Cider making — The Grinder

Apple Grinder

To make cider, you have to grind your apples.  There are numerous ways to do this.  Likely the first people to do this did it with a  bowel and a mallet, and just ground up the apples like a big mortal and pestle.  This will work, and you can use a 5 gallon bucket and a piece of lumber if you wanted.  It is probably the cheapest way to do it, but it may take you a little while to get it done.  Other traditional styles of grinders, or scatterers as the English call them,  involved using a rolling barrel with teeth to grind the apples to a pulp.  You can buy them, such as from , or you can make your own version of this device,.  However, I saw that some people were using garbage disposals to grind their apples, and this made sense to me.  The issue primarily is the the motor on the disposal is not strong enough, nor is it really designed for using more then about 30 seconds at a time.  I saw some posts from a gentleman in upstate New York who already came up with a solution to this problem, and built his own grinder using an old electric motor he had on hand.  So, credit where credit is due, I bought the plans for the grinder and press from  , and got to work.

All the details of the grinder are in the plans you can purchase from their website, so if you are interested, I would recommend the plans particularly for the grinder.  To sum up the process briefly, you buy a new garbage disposal, the bigger the better.  I highly recommend Ebay, you can find quite a few good deals.  You then take it apart to remove its motor, but keep the grinding chamber and housing in once piece.  You then mount a motor to the drive shaft.  I bought my motor off ebay for about $20, it is a 1hp continuous use motor that I plug into a switch.  I bought a coupler from McMaster Carr to connect the drive shaft of the motor with the drive shaft of the disposal.

Coupler mounting the motor to the drive shaft of the disposal.

Then everything is bolted/screwed into the housing.

Housing bolted to wooden blocks, which are then screwed into the plywood base, anchoring the grinder chamber

The top of the grinder acts as a hopper holding the apples, and you just smush them into the garbage disposal as it is running.  The wooden dowel on the top of the grinder is what I use to push the apples down.

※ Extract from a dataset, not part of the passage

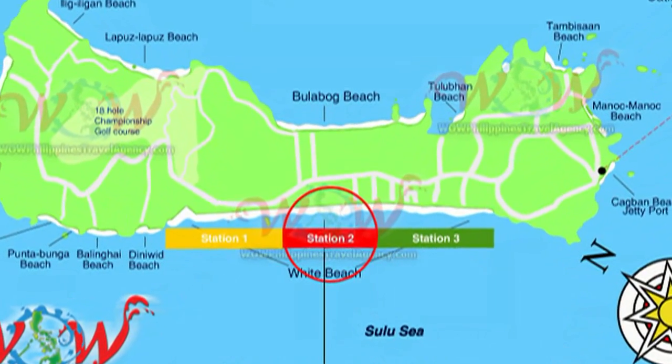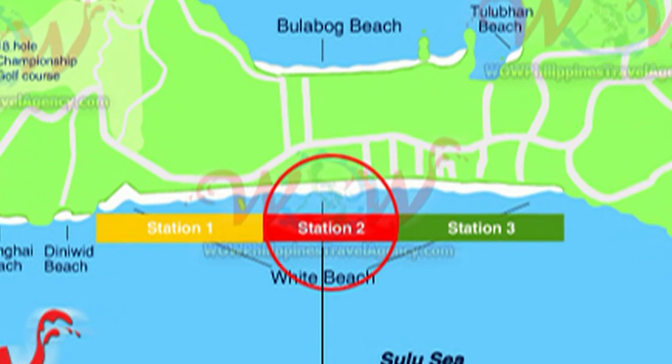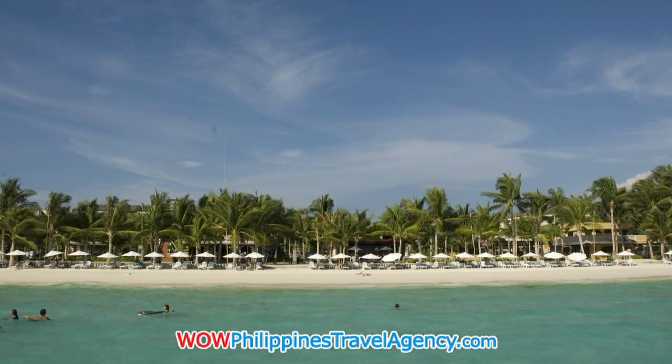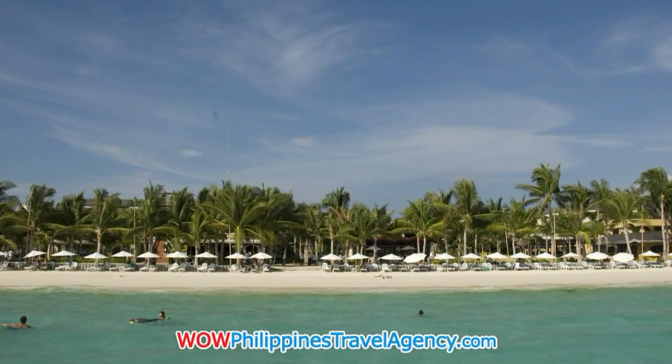Hi, Rick St. John with WowPhilippinesTravelAgency.com. Today we're going to be looking at the Regency Hotel, located in Station 2. The Regency has one of the widest beach fronts of any hotel on the island.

Washed crabapples awaiting grinding, cores, stems, seeds and all

Apples being ground to a pulp

As it grinds, a nice, thick, apple paste is expelled through the chute.

Apple pulp

I think a rolling barrel scatterer device, like those listed above, will give you a quicker grind, but it does not grind the fruit nearly as well.  The better your grind, the better your extraction rate.   For example, I got 1 gallon of juice from just under 15# of crabapples.  That is a little over 50% extraction rate off the press.  It seems most folks get about 2-3 gallons of cider from 1 bushel ( about 42#) of apples, and I think the biggest variable in that is the grind.  In my experience my process gets about 3 gallons per bushel.

In subsequent posts, I will talk about the press.  I did build the press as outlined from the Whizbang Cider site above, but in retrospect, I would have done it differently, and have already adapted my process.  More to come on that.

Other posts in this series:

Introduction to Cider

The Press

4 Responses

  1. Hi, I really like the idea of using a waste disposal unit to grind the apples. Your bench/unit looks very good. Would you mind sharing the dimensions – j.sab(at)me.com

    Thanks

    Jason

  2. Can I get more details on the motor you purchased? I need to get that and the coupler.

    • Mary,

      I will take a look at the motor when I get it out this weekend, but it was a 1 hp electric motor I bought used off ebay for 20 bucks. I had to rewire it to change the rotation of the drive shaft, but that was easy to look up and do. The coupler I purchased from McMaster Carr. The coupler will be unique to your set up, depending on the size of the drive shaft on the electric motor and on the disposal unit. I would get those first, than buy the coupler that works for those dimensions.